Porosity alterations versus acid penetration depth

According to Fig. 10 in the starting time of injection owing to low permeability around the wellbore, wellbore injection pressure is about 12,000 psia. This amount is dramatically reduced to 9500 psia by contacting acid over a period of 30 min. Since then, by injecting 10 barrel of initial acid, wellbore contacting pressure reduced to 10,300 psia. Therefore, reservoir pressure profile penetrates up to the depth of 7 foot; in respect of the way, due to the low permeability of reservoir rock, it increased the fluid flow to the wellbore.

Fig. 10
figure 10

Pressure differences versus acid penetration depth

Suggestions and Future research

  1. i.

    Although the procedure of selecting acid formulation requires comparative experimental tests, it is highly recommended that this experimental evaluation is administered by taking cores from the wellbore or its cutting and the applied tubing in the wellbore drill string with different concentrations of hydrochloric acid (such as 5,10,20 and 28%). Therefore, it enrolled the engineers to utilize several designations among production operation.

  2. ii.

    According to the simulated model by the software, an increase in the amount of acid concentration regarding low injection rate to the formation do not cause an increase in the penetration depth. Furthermore, raising the volume of used acid is being investigated in this operation. Hence, it is suggested that water-flooding operations with acid could be applied for observing the rocking behavior against injected acid.

  3. iii.

    Regarding low permeability in the full-bore DST, increasing the amount of injected pressure due to increasing amount of injected rate is suggested; in respect of the way, these procedures need the appropriate studies owing to determining the formation fracture gradient.


One of the chief aims of this comprehensive study is to investigate the efficiency of acidizing procedures in Fahliyan formation by utilizing hydrochloric acid 15% and its comparison with simulated acidizing operation model. To obtain required information regarding wellbore and formation physical properties, it is necessary that the proper evaluation of the wellbore is being done before and after the acidizing procedures.

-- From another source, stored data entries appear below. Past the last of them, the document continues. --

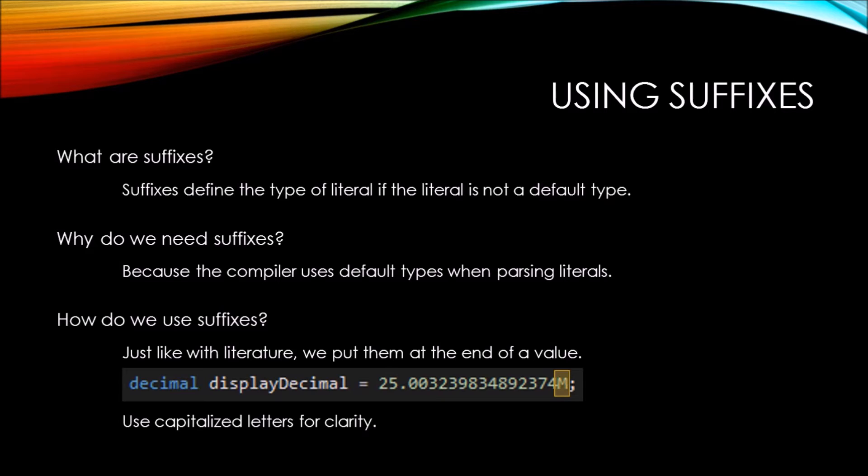You could use the lowercase value of a letter. However, some of the lowercase letters tend to look like numbers, and it can make for some confusing code.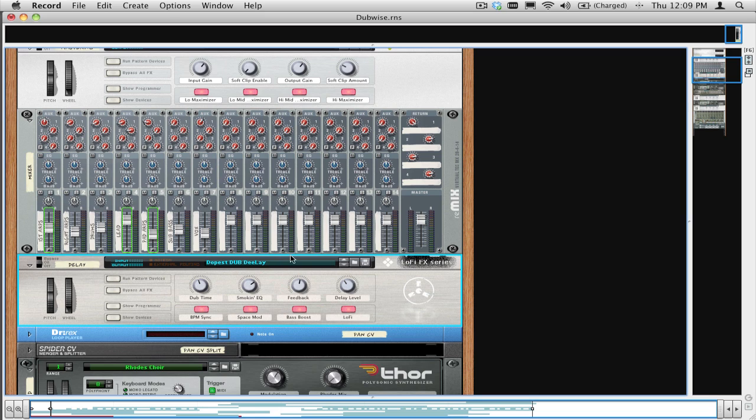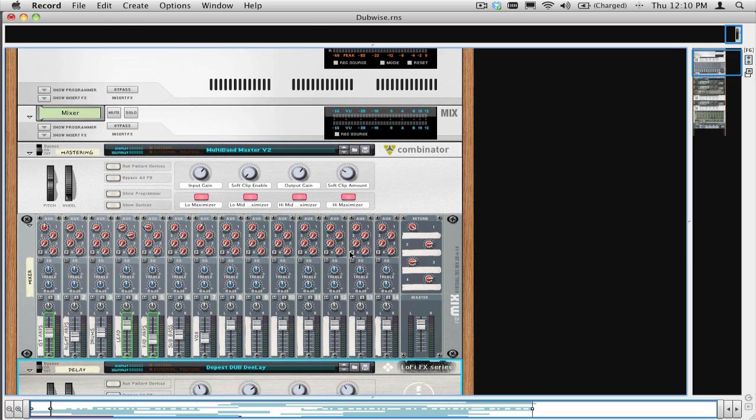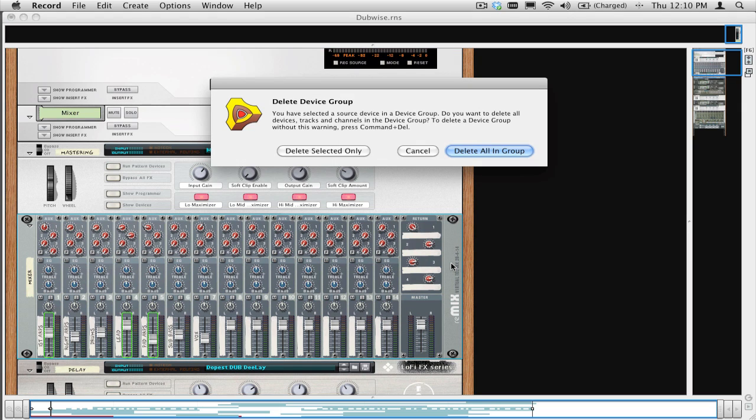What we want to do next is delete the 14x2 mixer. Select it and then press Delete on your QWERTY keyboard. You're going to get the dialog asking if you want to delete the Selected Only or Delete All in the Group. We're going to select Delete All in Group, so it removes the mixer and any mastering devices that are connected.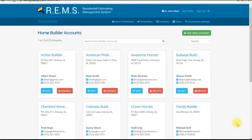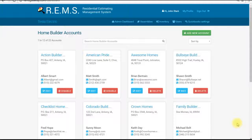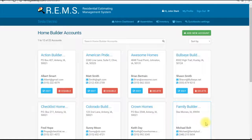Also be forewarned — the tablet version on mine is going to look slightly different than the tablet version on yours, because I'm using an emulator on my computer to reproduce the tablet. But for the most part it's going to be pretty accurate.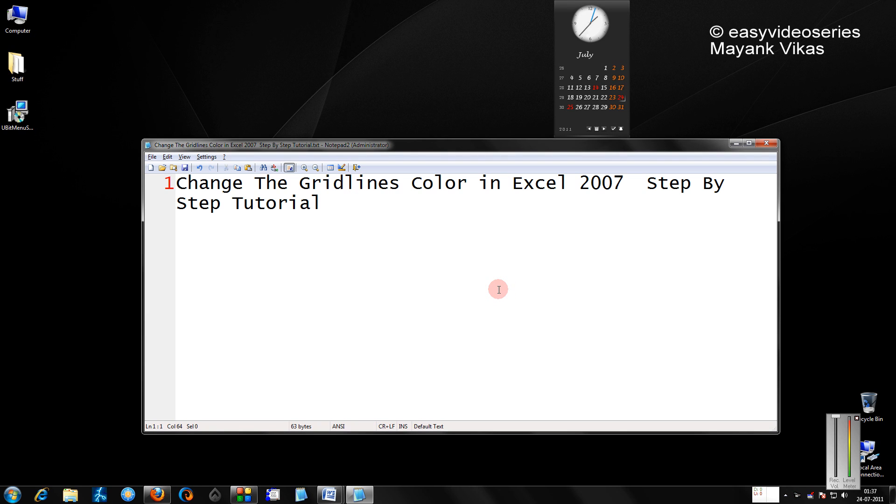Hello friends, I am Ankar Grawal and welcome to another tutorial of easy video series. In this tutorial, I am going to show you how to change the grid lines color in Excel 2007.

Some of the physical features of the studied field such as reservoir pressure, permeability and skin factor are extracted from full-bore DST tests. In this experiment, after operating two buildup test before and after acidizing the amount of skin factor are 7.79 and − 3.34, respectively. Regarding output of simulation processes, the amount of skin factor after acidizing operation related to full-bore DST is calculated as 4.41 which has acceptable relevance to buildup analysis experiment. Consequently, after acidizing procedure, productivity rate has a dramatic change from 0.57 STBD/psi to 1.55 STBD/psi.